In summary, activation of the inhibitory DREADD had no effect on T14 distribution. In contrast, activation of the excitatory DREADD affected T14+ density in the STR (a projection target of Rbp4Cre neurons), altered T14 puncta size near Rbp4Cre cell bodies in M1 L5 and in projections to the STR, and increased T14 co-localisation with presynaptic terminals in the SN—a region that does not receive direct projections from cortical layer 5 neurons.
3. Discussion
In this study, we examined the immunoreactivity of a bioactive peptide that exhibits dual trophic toxicity, depending on the context—whether it is expressed during development or pathologically in maturity [2]. We explored changes during embryonic and postnatal brain development and demonstrated how chronic and acute manipulations of the activity of selected cortical layer 5 neuronal populations influence T14 immunoreactivity and morphology. Using C57BL/6 mice, we found that T14 immunoreactivity was most prominent in the P7 brains, differing from embryonic (E16/17), early postnatal (P0), and adult (P70) stages. We further used chronic and acute manipulations of Rbp4-Cre neuronal activity and observed changes in T14 immunoreactivity patterns in both models. Chronic silencing affected the density of T14 immunoreactivity in the STR and SN, T14+ puncta size in M1 and STR, and T14+ puncta co-localisation with vGlut2 in the SN. In contrast, acute silencing for 90 min had no effect on T14 immunoreactivity or puncta size, but acute activation influenced T14 immunoreactivity in the STR, T14+ puncta size in M1, and T14+ puncta co-localisation with vGlut2 in the SN.
3.1. T14 Immunoreactivity
The subcellular localization of T14 has not been fully resolved. Our results suggest that T14 is more likely to be intracellular than extracellular during embryonic and postnatal development and in the adult brain. This supports the idea that T14 may be released from neurons in an activity-dependent manner. We also observed that T14 forms granules. However, the location of the immunoreactivity associated with these granules in the cytoplasm has yet to be identified. These granules could be in the ER, Golgi, endosomes, lysosomes, or even aggregates that contain various proteins, with T14 being just one component. Ultrastructural analysis is needed to address this question.
In a previous study, we demonstrated the ultrastructure of degenerating neurons in the primary somatosensory cortex of 8-month-old Snap25 cKO brains. Using transmission electron microscopy (TEM) of Rbp4-Cre;Snap25fl/fl cortex that was immune-gold labelled for tdTomato, we observed tdTomato-positive neurons with altered cytoplasmic appearances. These tdTomato+ neurons contained dense cytoplasm packed with multivesicular bodies and vacuoles containing electron-dense material, which are putative lysosome-like structures—a characteristic feature of dystrophic neurons in neurodegenerative disorders such as Alzheimer’s disease [25,26,27,28]. The morphology of vacuoles and the electron density of the cytoplasm varied among neurons, possibly reflecting degeneration. It is possible that the observed vacuoles contain T14 immunoreactive peptides in these aggregates. However, we did not observe such aggregates following acute chemogenetic manipulations (stimulation or inhibition).

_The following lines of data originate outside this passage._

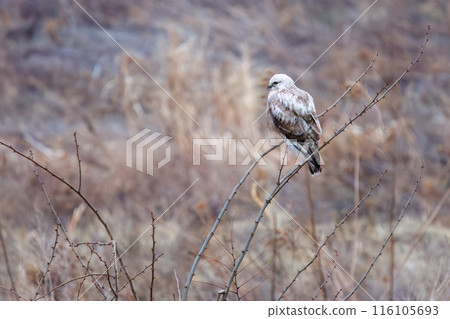 A beautiful Rough-legged Hawk (Accipitridae) resting on a branch in a reed bed. On the Tone River riverbed, Gunma Prefecture, Japan. Photo taken in February 2024. 116105693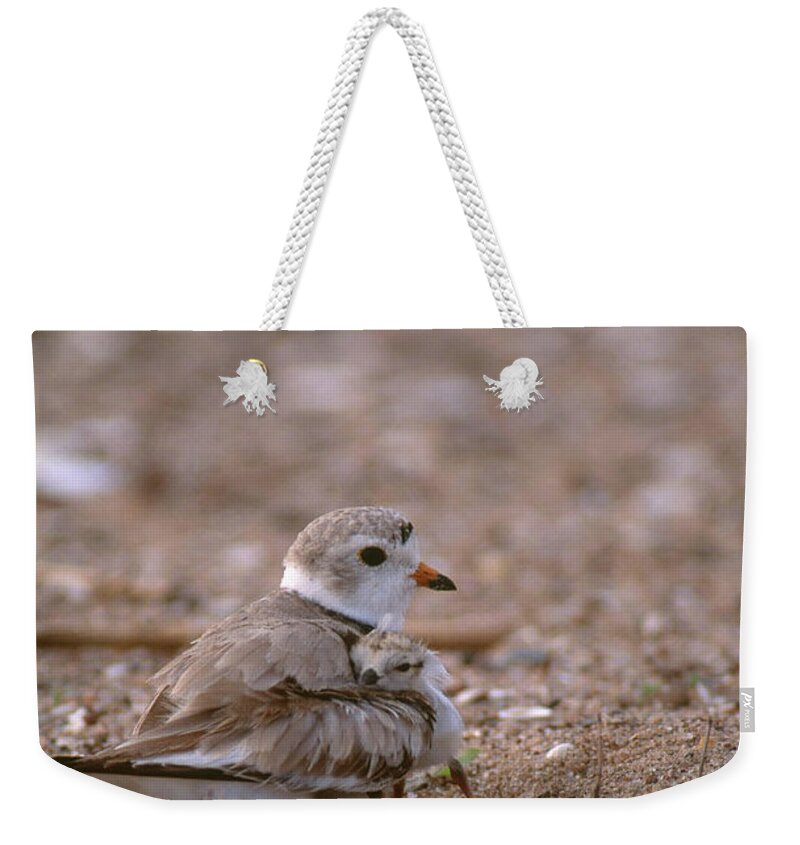 Piping Plover Weekender Tote Bag featuring the photograph Piping Plover With Chick by Paul J. Fusco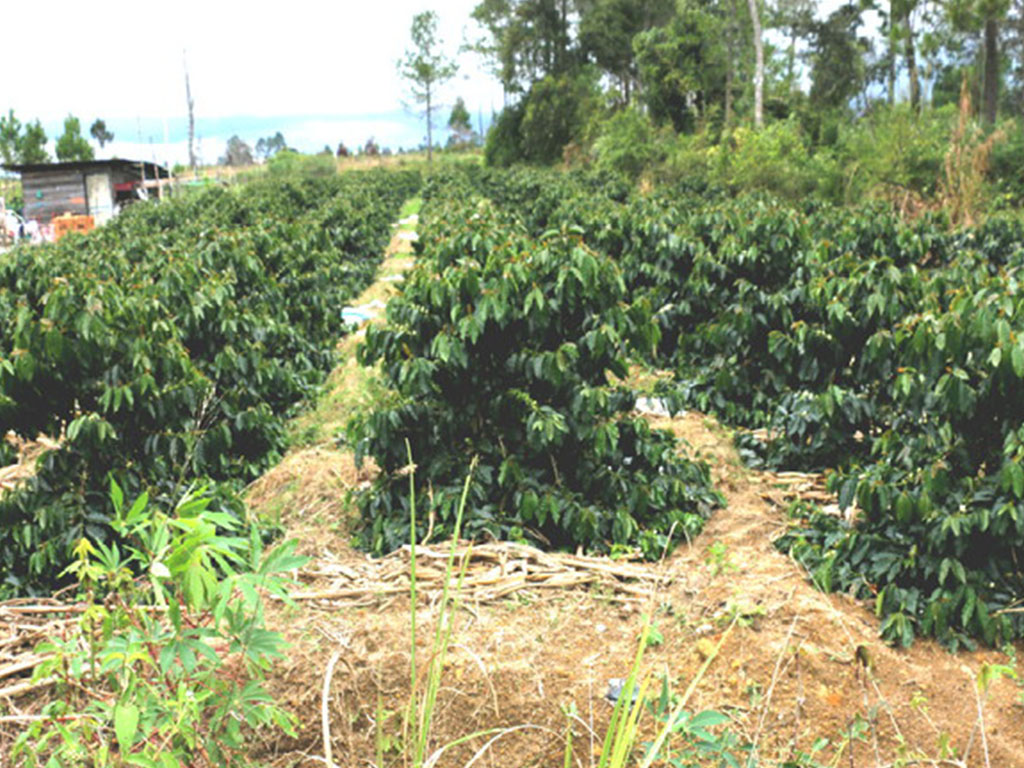 Kebun Kopi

3.2. T14 Immunoreactivity After Chronic and Acute Manipulations of Neuronal Activity
To test whether neuronal activity plays a role in the distribution of T14, we used several mouse models where activity was modified in a chronic or acute manner [8,18]. In the Rbp4-Cre:Snap25fl/fl mice, a subset of cortical layer 5 neurons and dentate gyrus neurons lose their ability to release synaptic vesicles in a regulated fashion from late embryonic stages [8]. This affects both the activity of the cells and the activity elicited by their long-range terminals, influencing synapse development [24], synapse maintenance [8], myelination [6], and cell survival [8]. The sequence of synapse loss, myelination deficits, and cell death is dependent on the specific neuronal populations that are silenced, with layer 5 neurons being the most sensitive in the lines studied (Ntsr1-Cre and Drd1a-Cre) [7,8].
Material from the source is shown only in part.